Error detection , the parity bit and so need to check the checksum XOR operation equations can be obtained:
Sl = Pl ⊕ D2 of Dl ⊕ ⊕ ⊕ D7 D5 D4 ⊕
S2 = P2 Dl ⊕ ⊕ ⊕ D3 D4 D6 ⊕ ⊕ D7
S3 = P3 ⊕ D2 of ⊕ D3 ⊕ D4 ⊕ D8
S4 = P4 ⊕ D5 ⊕ D6 ⊕ D7 ⊕ D8
S5 = P5 ⊕ Dl ⊕ D2 of ⊕ D3 ⊕ D4 ⊕ D5 ⊕ D6 ⊕ D7 ⊕ D8 ⊕ Pl ⊕ P2 ⊕ P3 ⊕ P4
obviously, if this bit is not error , and is equivalent to their own XOR operation, the result must be kept zero ;
the other hand, if a check result is a 1 , indicating that the data error check bits .
When considering only one error and two errors, the following situations:
. 1, Sl ~ S5 are all zero : error data;
2, S5 = 0; Sl ~ S4 are zeroes : Two error;
3, S5 = 1; S1 ~ S4 are all 0 : P5 error;
. 4, S5 = 1; S1 ~ S4 is only a 1 : that a corresponding error check bits; as S1 = 1, P1 described error;
5,S5 = 1; S1 ~ S4 is more than 1 : Common test element S by the error, the positioning error location; if S1, S2 = 1, D1 described error.
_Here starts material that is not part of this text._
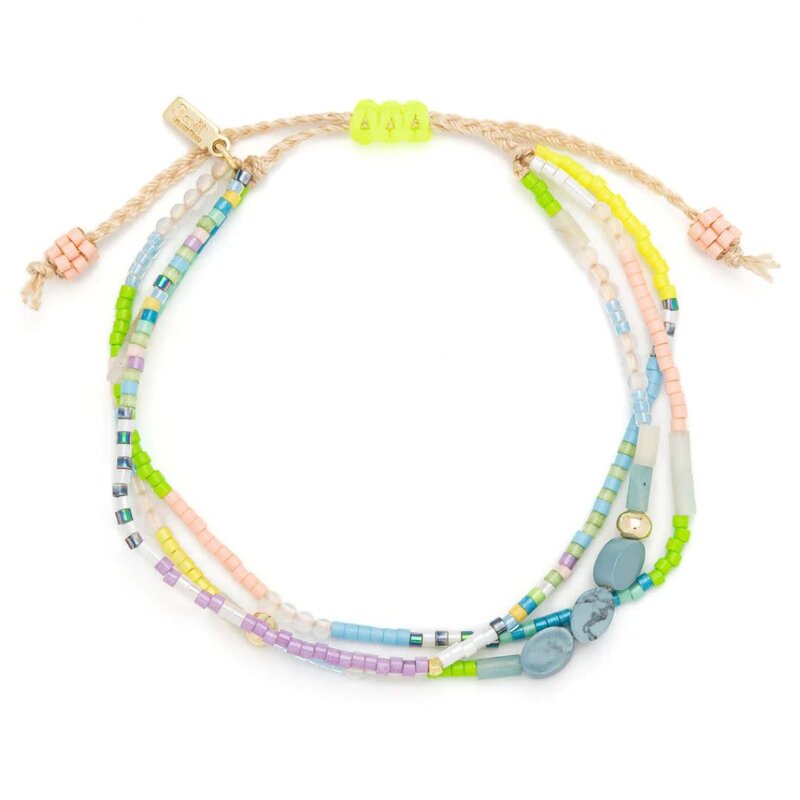 Scout Curated Wears Harmony Mixed Media Bracelet Blue Howlite & Gold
Cyclic redundancy code (CRC code)

CRC code may be multi-bit error detected and corrected during storage or transport of consecutive, so widely used between the magnetic storage medium, and computer communications.
The CRC code from the k-bit information symbols followed by r bits Parity composed by 2 operation mode rule.

CRC code encoding rules :

1. The information code expressed as a polynomial M (X) = X *. 1 Ck- ^{K-. 1} + ... + a C1 * X ^{. 1} + C0;
2. The information code of r bits to the left, to give M (X) * X ^r = X *. 1 Ck- ^{K +. 1-r} + ... + C0 * X ^r ;
3. With M (X) * X ^{R & lt} divided by the generator polynomial for G (x), the remainder obtained as a parity bit. In order to check code is r bits, can be seen from the operated modular law 2, G (x) will be for the r + 1 bit.
4. Provided the step of calculating the quotient is Q (x), the resulting remainder is R (x), the R (x) spliced to M (X) * X ^r on the right vacated r bits constituting the information is a CRC code .
   The CRC code M (X) * X ^{R & lt} + R & lt (X) = [Q (X) * G (X) + R & lt (X)] + R & lt (X) = Q (X) * G (X) + 2R ( x);
   additions by die 2, 2R (x) should be 0; therefore the formula = Q (x) * G ( x), i.e. the CRC code will be G (x) divisible.

Error detection , the CRC code obtained by dividing the generator polynomial G (x), if no error occurred, the remainder should be 0; different bit error, a different residue. It can be shown in the code system and generator polynomial invariant, with the remainder offset relationship is unchanged.